Marketing has captured Lynternait’s sarcastic sense of humor. New guys get around this by making jokes that can’t be used for commercial purposes.

Thierry Hardy Lachance, Mimi

There is what we call it Spread shit, which is a popular discipline at the moment. “It’s very humorous, very silly, carefree.” For Luis, creator of the Québécois Normal Instagram page, Spread shit Equivalent to “playing with sarcasm”. “It’s a more fun way to write and communicate, while still being a bit silly.”

The photo is taken from the Instagram account @QUEBECOIS_NORMAL

“More niche content, more committed creators will do that Disable [perturber] More standard meme culture, e.g [le compte] Damn Jerry. “They are responding to this culture that they do not identify with, and at the same time, they are creating something that is also critical of the society around them,” explains Dani Rudnicka-Lavoie.

The FuckJerry Instagram account has 17 million followers, making it a major business tool. Many other very popular accounts have become mini media empires generating large sums of money. No meme creators in Quebec make a living from this work, but some have managed to get some contracts.

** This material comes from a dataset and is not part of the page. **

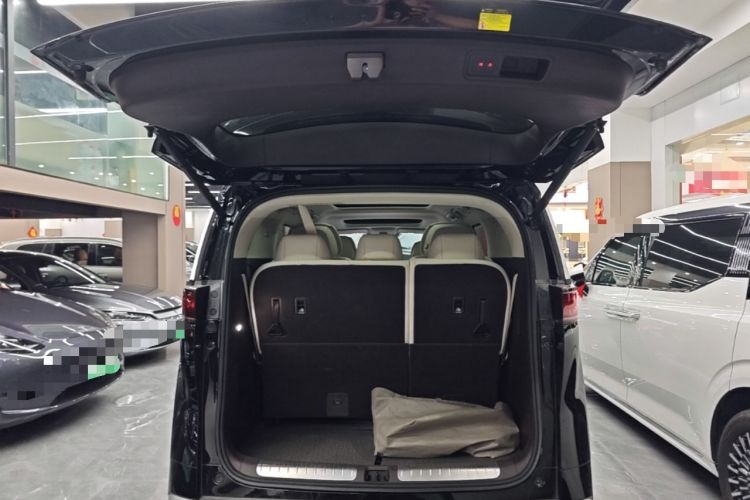Used Denza D9 2024 DM-i 980 Four-Wheel Drive Prestige Model Trunk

“We form partnerships with companies that want us to promote their brand. Most of the time it goes very well and people accept it because they feel like it’s not too forced,” says Fruiter’s Vincent Hood, who spends about 30 minutes a day creating memes.

“I’ve done collaborations with Robin des bas, Poches & Fils and Pizza Salvatore. It’s fun, but it’s not a big enough income to make a living from it. I’m not an influencer,” adds Fabrice Poirier.